Question

what is the final velocity (in m/s) of a hoop that rolls without slipping down a 6.50-m-high hill, starting from rest?

Answer 1

Approximately
`7.99\; {\rm m\cdot s^(-1)}`.

(Assuming that
`g = 9.81\; {\rm N \cdot kg^(-1)}` and that the thickness of the loop is negligible.)

Step-by-step explanation:

Let
`m` denote the mass of the hoop, and let
`r` denote its radius.

Under the assumptions, the moment of inertia of this hoop would be:

`\displaystyle I = m\, r^(2)`.

Let
`v` denote the linear velocity of the hoop at the bottom of the hill.

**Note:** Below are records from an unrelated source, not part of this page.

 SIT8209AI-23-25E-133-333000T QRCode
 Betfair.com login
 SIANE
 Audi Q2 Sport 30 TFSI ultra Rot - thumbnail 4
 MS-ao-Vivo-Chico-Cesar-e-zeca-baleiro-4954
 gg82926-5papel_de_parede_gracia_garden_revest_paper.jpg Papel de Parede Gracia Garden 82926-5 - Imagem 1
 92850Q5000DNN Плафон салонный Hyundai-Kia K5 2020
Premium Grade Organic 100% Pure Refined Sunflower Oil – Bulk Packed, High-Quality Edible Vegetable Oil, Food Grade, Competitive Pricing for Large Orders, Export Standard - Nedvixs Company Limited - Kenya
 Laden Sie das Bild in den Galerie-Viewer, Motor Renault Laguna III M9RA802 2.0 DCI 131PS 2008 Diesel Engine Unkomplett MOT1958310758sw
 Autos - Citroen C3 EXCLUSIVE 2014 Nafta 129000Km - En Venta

The linear kinetic energy of the hoop would be:

`\displaystyle (1)/(2)\, m\, v^(2)`.

Since the hoop is rolling without slipping, its angular velocity would be
`\omega = v / r`. The rotational kinetic energy of the hoop would be:

`\begin{aligned}(1)/(2)\, I\, \omega^(2) &= (1)/(2)\, (m\, r^(2))\, \left((v)/(r)\right)^(2) \\ &= (1)/(2)\, (m\, r^(2)\, v^(2))/(r^(2)) \\ &= (1)/(2)\, m\, v^(2)\end{aligned}`.

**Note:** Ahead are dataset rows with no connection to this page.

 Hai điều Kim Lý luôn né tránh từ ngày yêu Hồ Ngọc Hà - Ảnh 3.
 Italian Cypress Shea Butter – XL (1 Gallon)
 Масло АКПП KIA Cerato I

The total kinetic energy of the hoop (linear and rotational) would be:

`\begin{aligned}& (1)/(2)\, m\, v^(2) + (1)/(2)\, I\, \omega^(2) \\ =\; & (1)/(2)\, m\, v^(2) + (1)/(2)\, m\, v^(2) \\ =\; & m\, v^(2) \end{aligned}`.

Assuming that total mechanical energy is conserved. Change in the Kinetic energy that the loop has gained would be the opposite of the change in the gravitational potential energy (GPE):

`\begin{aligned}(\text{change in GPE}) &= m\, g\, \Delta h\end{aligned}`,

Where:

• 
  `g = 9.81\; {\rm N\cdot kg^(-1)}` by assumption, and
• 
  `\Delta h = (-6.50)\; {\rm m}` is the change in the height of the hoop.

By the conservation of energy:

`(\text{change in KE}) + (\text{change in GPE}) = 0`.

`m\, v^(2) + m\, g\, \Delta h = 0`.

Solve for
`v`:

`\begin{aligned}m\, v^(2) &= m\, g\, (-\Delta h)\end{aligned}`.

`\begin{aligned}v &= √(g\, (-\Delta h)) \\ &= √((9.81)\, (-(-6.50)))\; {\rm m\cdot s^(-1)} \\ &\approx 7.99\; {\rm m\cdot s^(-1)}\end{aligned}`.

In other words, the velocity of the loop would be approximately
`7.99\; {\rm m\cdot s^(-1)}` at the bottom of the hill.